L.H.O.O.Q. is the conceptual combination of the crude pun of Marcel Duchamp's 1919 readymade artwork wikipedia:L.H.O.O.Q., the joke-language HQ9+ , and complex analytical number theory wikipedia:L-functions (applied to graph humorous moustaches and goatees).

Currently this language is UNDERSPECIFIED, but the joke is probably as clear as it will ever be. The creator User:Salpynx would gladly accept help in figuring out mechanisms to improve the computational power of this language.

The examples used and linked to from this page use the the Riemann Zeta function as a representative stand-in for arbitrary L-Function graphs.
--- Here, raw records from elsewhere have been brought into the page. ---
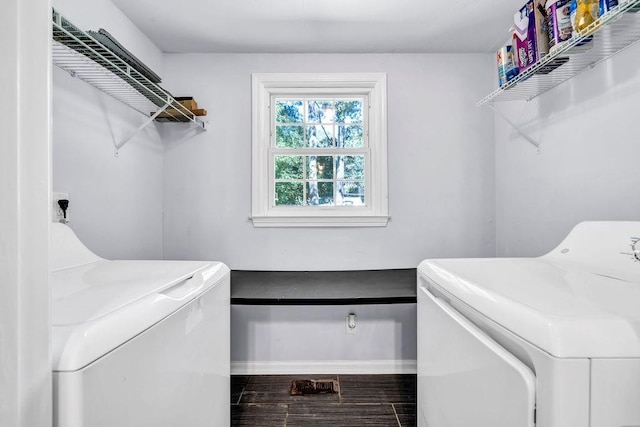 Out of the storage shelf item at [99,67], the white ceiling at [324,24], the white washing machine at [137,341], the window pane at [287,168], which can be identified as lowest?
the white washing machine at [137,341]

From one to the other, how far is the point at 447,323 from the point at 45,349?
94 cm

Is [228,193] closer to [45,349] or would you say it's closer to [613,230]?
[45,349]

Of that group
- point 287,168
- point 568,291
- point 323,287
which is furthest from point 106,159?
point 568,291

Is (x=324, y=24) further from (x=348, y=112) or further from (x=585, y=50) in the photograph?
(x=585, y=50)

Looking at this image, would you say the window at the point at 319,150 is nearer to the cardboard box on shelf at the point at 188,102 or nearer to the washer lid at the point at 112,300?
the cardboard box on shelf at the point at 188,102

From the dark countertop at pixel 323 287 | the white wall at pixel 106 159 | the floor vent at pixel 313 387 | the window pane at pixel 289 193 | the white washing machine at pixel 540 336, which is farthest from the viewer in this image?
the window pane at pixel 289 193

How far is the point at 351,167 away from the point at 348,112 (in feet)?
1.36

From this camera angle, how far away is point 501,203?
2.22 metres

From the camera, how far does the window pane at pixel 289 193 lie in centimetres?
238

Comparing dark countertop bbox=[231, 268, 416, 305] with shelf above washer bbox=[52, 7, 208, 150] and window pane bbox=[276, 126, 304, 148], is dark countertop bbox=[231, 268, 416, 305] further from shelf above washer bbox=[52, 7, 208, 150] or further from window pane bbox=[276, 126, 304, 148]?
shelf above washer bbox=[52, 7, 208, 150]

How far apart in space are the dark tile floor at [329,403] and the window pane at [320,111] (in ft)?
6.06

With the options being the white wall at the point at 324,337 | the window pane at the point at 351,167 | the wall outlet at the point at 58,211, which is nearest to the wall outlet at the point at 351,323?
the white wall at the point at 324,337

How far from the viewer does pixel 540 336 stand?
568mm

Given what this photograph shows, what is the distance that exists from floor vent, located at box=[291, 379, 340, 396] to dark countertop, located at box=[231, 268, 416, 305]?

Riemann Zeta is effectively the Lorem Ipsum of L.H.O.O.Q.. General suggestions and corrections welcome!

Language goals

  1. replicate a Dadaist readymade
  2. draw more moustaches
  3. to be less comprehensible than Malbolge, on the surface as intelligent as Chicken but as powerful as HQ9+, flirt with mathematical concepts as interesting as Eodermdrome, and perhaps eventually become non-obviously Turing-complete like The Waterfall Model.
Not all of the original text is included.